フェイクIDではどのようなことをやっているのですか?

イヴァン:今、フェイクID のサイトで一番面白いのは、毎月更新している「AIR」セクションです。インターネットをメディアとして、アーティスト、建築家、ライター、司会者、デザイナーなどをフィーチャーしています。全プロジェクトは、スキャンされデジタルに変換されたものとは対照的に、スクリーンのためだけに制作されたものです。

様々なデザイナーの作品やインタビューをアップしていますが、今後フィーチャーしてみたいデザイナーは誰ですか?

ジョシュア:分野を問わず、リスクと実験を背負う勇気があり、強烈なコンセプトでプロジェクトを展開している人達。「AIR」セクションでは、常に批判的、挑発的なコンテクストのために安全ではないコンテンツにライセンスを与えることを目的としています。いろいろな提案も受け付け中です。
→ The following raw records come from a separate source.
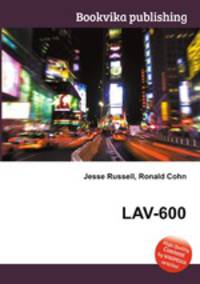 LAV-600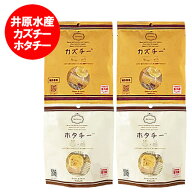 随時発送中 ホタチー カズチー 珍味 おつまみ チーズ カズチ 帆立 チーズ ホタチ 各2袋 計4袋 かずのこ …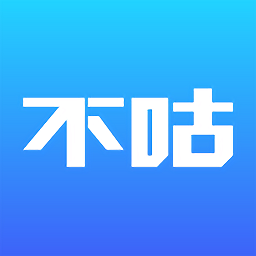 不咕不咕APP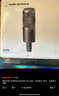鐵三角（Audio-technica） AT2035 電容麥克風 全電腦K歌 主播 直播麥克風 專業(yè)錄音話筒 專業(yè)設(shè)備 專業(yè)調(diào)試聲卡麥克風 AT2035黑色【品牌TOP1】 曬單實拍圖
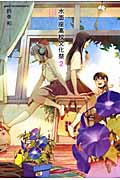 水面座高校文化祭 (2) (アフタヌーンKC)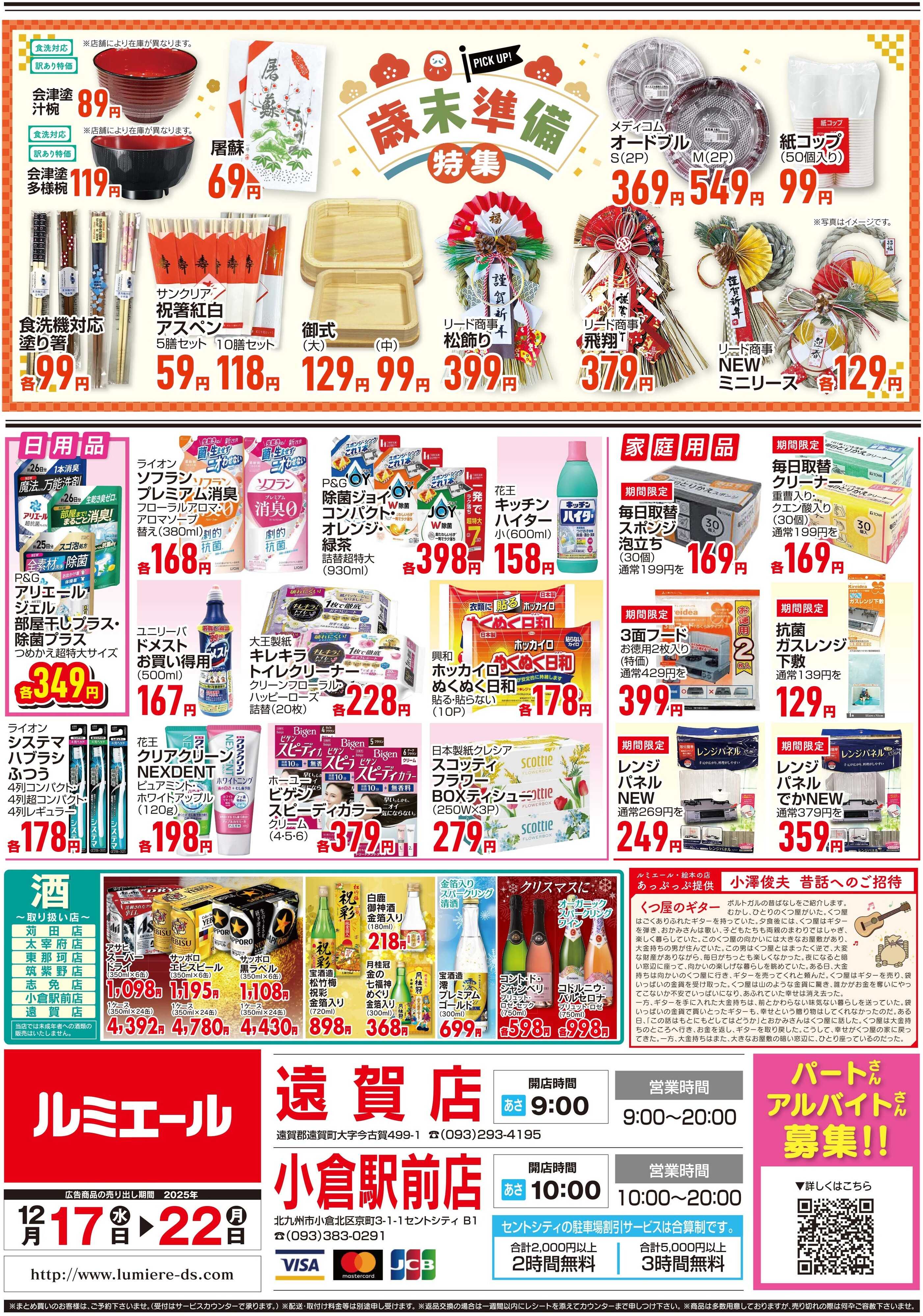 ルミエール 心躍るごちそう時間（チラシ期間25/12/17-12/22）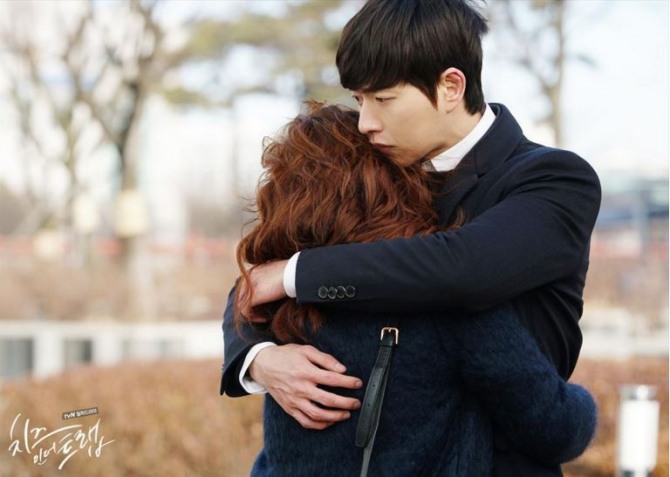 Cheese In The Trap To Air Director S Cut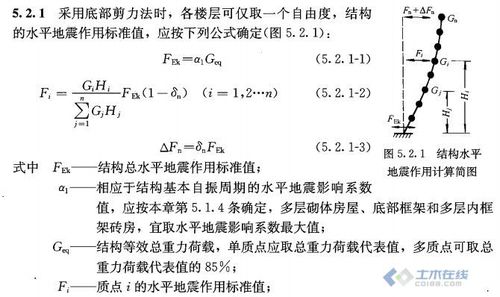 【地震作用计算/地震作用计算及内力分析可以采用】-第7张图片 【地震作用计算/地震作用计算及内力分析可以采用】-第7张图片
ウェブデザインの仕事をするようになったきっかけは何ですか?

ジョシュア:学校を卒業する時に、ダイビングマスターになるべくハワイに旅立とうとしていたイヴァンに出会って、一緒にパフォーマンスやビデオプロジェクトをするようになったのですが、それがすごくうまくいったので、ビジネスに発展するのは時間の問題でした。95年に、最初のHTMLクラスを受けて、本を一冊買いました。イヴァンも同じ本を買って、彼はHTMLを3日でマスターしてしまったのです。他の人達と同じように、僕もウェブの可能性にすっかり魅了されてしまって、それで、ダイビングに行くのを中断して、代わりにウェブサーフィンをやってみないかとイヴァンを説得したのです。

イヴァン:一度始めたらもう止められません。

ウェブデザインで最も重要なことは、何だと思いますか?

イヴァン:ウェブの制約を逆手に取って、それをひとつの出発点として活用すること。あとは、ウェブを、TVの派生的なものではなく、独自のメディアとして捉えること。

ジョシュア:ソフトウェア制作者のアイディアに頼り過ぎないこと。自分だけのスクリプトを書き、既存のソフトウェアを矛盾した形で使うこと。